LEGAL TIMES: You’re entering your fourth year as head of the D.C. office. What unexpected challenges have you faced along the way?

MIKE NAEVE: What I didn’t understand or expect when I first started practicing law is how dynamic the practice of law is. Even in a particular practice area, the needs of the practice change from year to year and you have to stay in front of it if you want to be successful. That presents a challenge, but it also makes it exciting and interesting. But for that, it wouldn’t be nearly as much fun.

LT: What are your thoughts on the regulatory forecast for 2013?

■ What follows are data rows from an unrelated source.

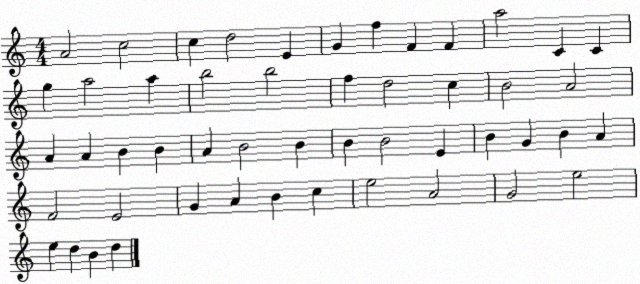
X:1
T:Untitled
M:4/4
L:1/4
K:C
A2 c2 c d2 E G f F F a2 C C g a2 a b2 b2 f d2 c B2 A2 A A B B A B2 B B B2 E B G B A F2 E2 G A B c e2 A2 G2 e2 e d B d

NAEVE: Starting with energy, shale gas is probably the most important development in the energy space in some time. It’s having huge effects on our energy profile — not only the gas markets but, for that matter, the electricity markets. It affects which technologies are viable and which technologies are not viable. In that area, there will be lots of interesting issues coming up in the next year, issues pertaining to the potential export of shale gas and how that will affect prices and industries that are reliant upon gas. It will also affect electricity prices. Any regulation or legislation dealing with renewable and clean energy will also affect the choice of technology. We recently saw a one-year extension of the wind tax credit. Further extensions of that tax credit or other incentives for renewable energy will affect the construction of new facilities and it will affect our project-finance practice.

In addition to that, EPA regulation of coal plant emissions will affect the potential retirement of a great many coal plants. As those plants are retired, that, too, will spur a need to replace that capacity and investment. Again, something that will affect our project practice and perhaps our other transaction practices.

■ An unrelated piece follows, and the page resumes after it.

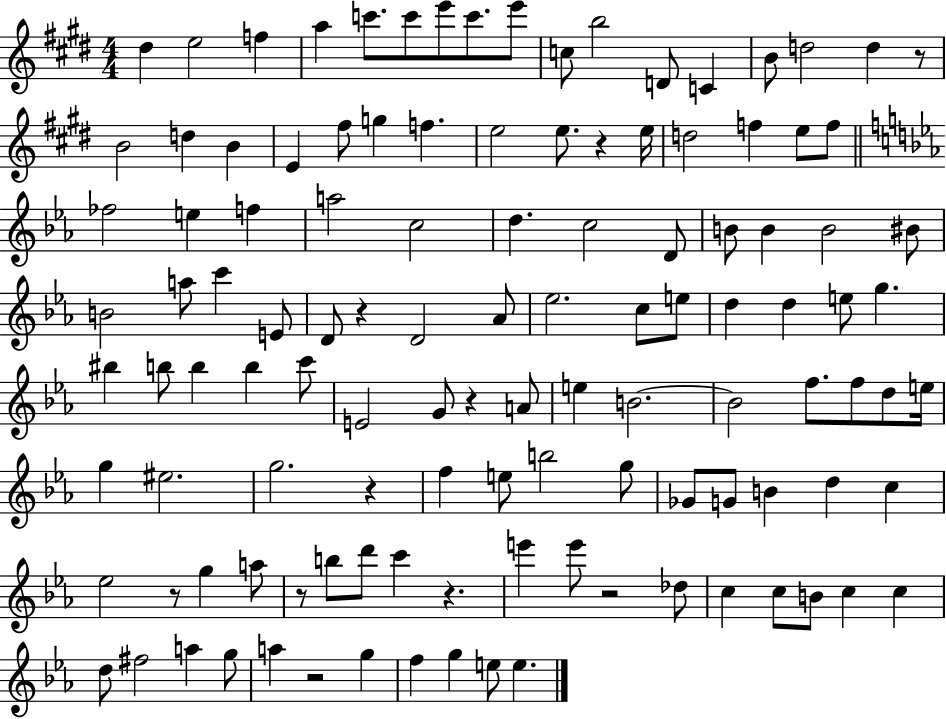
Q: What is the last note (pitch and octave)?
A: E5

LT: What other regulatory practice groups are likely to see changes soon?

NAEVE: On a broader scale, I think the implementation of the Affordable Care Act will be important — not only from a Washington regulatory perspective when it comes to implementation and regulation, but also from a transaction perspective. As that act is implemented, it will create new business opportunities for health care providers and new transactional opportunities. Likewise, the continued implementation of Dodd-Frank will be important.

LT: In 2011, the firm renewed its D.C. lease. Are there any plans for renovation and expansion?

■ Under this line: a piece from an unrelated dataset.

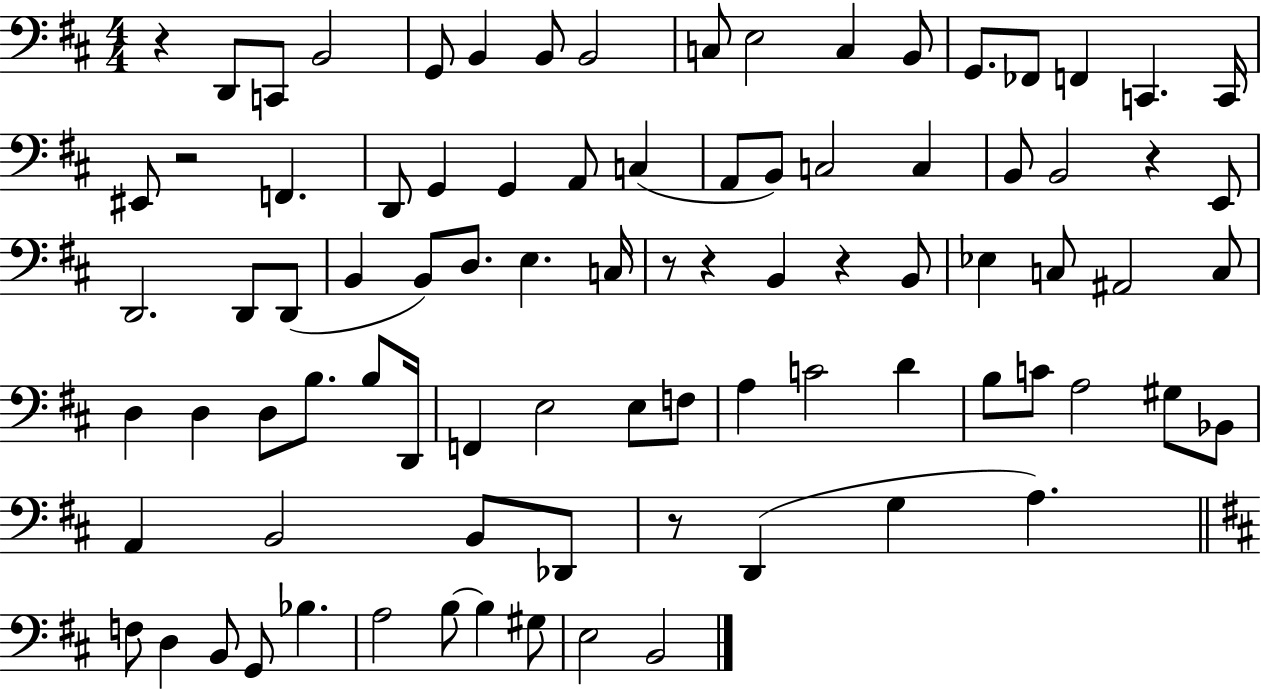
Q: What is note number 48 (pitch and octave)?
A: B3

NAEVE: We have a lot of flexibility. We acquired a significant amount of additional space in the buildings where we’re housed — and I think of it as a campus, because there are three buildings but they are all interconnected and function as one. We did acquire additional space to give us flexibility for growth. We don’t have specific growth targets. Our goal is to have the resources in place to meet the needs of our clients. As those needs change we will add resources as necessary, so we want the flexibility to do that, but we don’t have specific targets.

LT: You’re from Texas. Where do you go to get your fix of barbecue and Mexican food?

NAEVE: Los Cuates in Georgetown. That is where I go most often. I also go to Rio Grande Café. Those are probably my two favorites for Mexican food. For barbecue, I’ll eat barbecued ribs just about anywhere, but I haven’t found any place here that cooks brisket like you get back in Texas.